3) Establish an Office of Climate Justice Accountability
The challenge of confronting the climate crisis cannot be separated from the question of social justice. The European Green Deal must ensure that marginalised communities don’t get left behind in the green transition while at the same time taking action to redress inequality, exploitation and extraction in Europe and around the world. To ensure this, the commission will establish an office of Climate Justice Accountability. The office will identify and eliminate barriers to inclusion, investigate dubious practices, monitor the progress of the green transition and require all environmental legislation or regulation introduced by the European Union to receive an equity score created by climate experts and community organisers. It will also make sure that all facets of the EU commission are being held accountable for climate equity.
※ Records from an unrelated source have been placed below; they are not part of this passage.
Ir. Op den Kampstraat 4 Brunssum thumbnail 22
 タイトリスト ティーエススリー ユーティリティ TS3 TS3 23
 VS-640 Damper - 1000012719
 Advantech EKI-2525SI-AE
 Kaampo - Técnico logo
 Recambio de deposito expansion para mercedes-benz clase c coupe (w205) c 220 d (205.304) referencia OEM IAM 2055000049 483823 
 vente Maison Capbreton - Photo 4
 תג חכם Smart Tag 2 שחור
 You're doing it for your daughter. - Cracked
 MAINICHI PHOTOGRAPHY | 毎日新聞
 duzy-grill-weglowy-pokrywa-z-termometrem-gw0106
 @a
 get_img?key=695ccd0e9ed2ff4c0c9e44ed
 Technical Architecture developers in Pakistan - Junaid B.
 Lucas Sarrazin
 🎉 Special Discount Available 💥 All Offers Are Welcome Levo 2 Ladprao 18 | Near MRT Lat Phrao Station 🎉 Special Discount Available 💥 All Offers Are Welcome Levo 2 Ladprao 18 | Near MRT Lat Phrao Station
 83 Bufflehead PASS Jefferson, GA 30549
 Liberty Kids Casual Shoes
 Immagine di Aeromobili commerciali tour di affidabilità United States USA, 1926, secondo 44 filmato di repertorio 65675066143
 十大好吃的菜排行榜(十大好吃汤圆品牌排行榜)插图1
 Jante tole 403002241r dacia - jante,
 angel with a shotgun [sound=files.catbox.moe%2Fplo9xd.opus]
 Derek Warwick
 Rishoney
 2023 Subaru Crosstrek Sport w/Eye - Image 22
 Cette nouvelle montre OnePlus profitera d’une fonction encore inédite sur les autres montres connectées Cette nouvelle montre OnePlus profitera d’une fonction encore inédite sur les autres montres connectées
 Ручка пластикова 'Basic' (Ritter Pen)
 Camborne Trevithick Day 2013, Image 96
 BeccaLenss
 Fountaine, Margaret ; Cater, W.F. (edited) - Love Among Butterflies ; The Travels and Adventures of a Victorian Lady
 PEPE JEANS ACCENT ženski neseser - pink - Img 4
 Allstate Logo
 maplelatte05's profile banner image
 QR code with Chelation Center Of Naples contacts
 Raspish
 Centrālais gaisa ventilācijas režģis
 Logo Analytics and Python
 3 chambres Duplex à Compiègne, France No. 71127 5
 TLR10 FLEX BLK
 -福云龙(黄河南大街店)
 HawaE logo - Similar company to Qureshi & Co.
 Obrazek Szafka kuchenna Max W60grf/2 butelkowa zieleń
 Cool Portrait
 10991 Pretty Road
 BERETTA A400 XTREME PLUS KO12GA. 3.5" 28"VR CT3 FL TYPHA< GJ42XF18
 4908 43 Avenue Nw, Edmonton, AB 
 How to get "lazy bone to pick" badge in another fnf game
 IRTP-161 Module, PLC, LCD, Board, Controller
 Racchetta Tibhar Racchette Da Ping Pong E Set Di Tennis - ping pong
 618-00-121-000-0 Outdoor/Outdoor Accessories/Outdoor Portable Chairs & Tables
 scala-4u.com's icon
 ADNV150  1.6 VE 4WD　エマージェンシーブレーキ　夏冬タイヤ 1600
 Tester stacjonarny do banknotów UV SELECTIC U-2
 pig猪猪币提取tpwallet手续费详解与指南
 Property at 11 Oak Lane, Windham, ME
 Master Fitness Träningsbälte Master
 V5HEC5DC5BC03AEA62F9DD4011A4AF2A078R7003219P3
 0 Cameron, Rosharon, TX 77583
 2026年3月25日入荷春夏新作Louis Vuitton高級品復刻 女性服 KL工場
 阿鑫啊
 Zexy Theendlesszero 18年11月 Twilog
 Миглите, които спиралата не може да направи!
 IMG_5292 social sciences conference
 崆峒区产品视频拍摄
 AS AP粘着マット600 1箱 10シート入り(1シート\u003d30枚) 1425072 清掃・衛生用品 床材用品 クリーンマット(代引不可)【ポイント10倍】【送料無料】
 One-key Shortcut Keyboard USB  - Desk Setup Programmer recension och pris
4) Coordination & Democratic Accountability
Each government actor involved in carrying out the European Green Deal must be required to coordinate through a European-level interagency process to ensure that marginalised communities are consulted and actively involved in carrying out this plan. In addition, the European Climate Pact must be scaled into a mass citizen consultation where voices from marginalised communities are supported and amplified.
5) Climate Reparations
The European Green Deal must build bridges of cooperation and coordination between countries, not walls between them. Throughout the 19th and 20th centuries, nation-states that have now joined the European Union were some of the world’s biggest emitters of carbon pollution and, as a direct result, have become some of the world’s wealthiest nations. This largely happened at the expense of the Global South as a result of colonial and post-colonial relations. Europe therefore has a moral obligation to compensate those countries and communities negatively impacted by climate change due to European Member States’ collective failure to take reasonable steps to limit their emissions in the past and today. The European Green Deal must thus compensate countries for past wrongs, through reparations that unlock funds and resources to the benefit of front-line communities affected by centuries of colonial rule and the legacies of extraction and exploitation it left behind. A first step and essential step towards repairing this historic injustice is for European member states to immediately engage in a wide ranging programme of debt cancellation towards nations in the Global South, so as to break at least one link in the long history of extractive exploitation.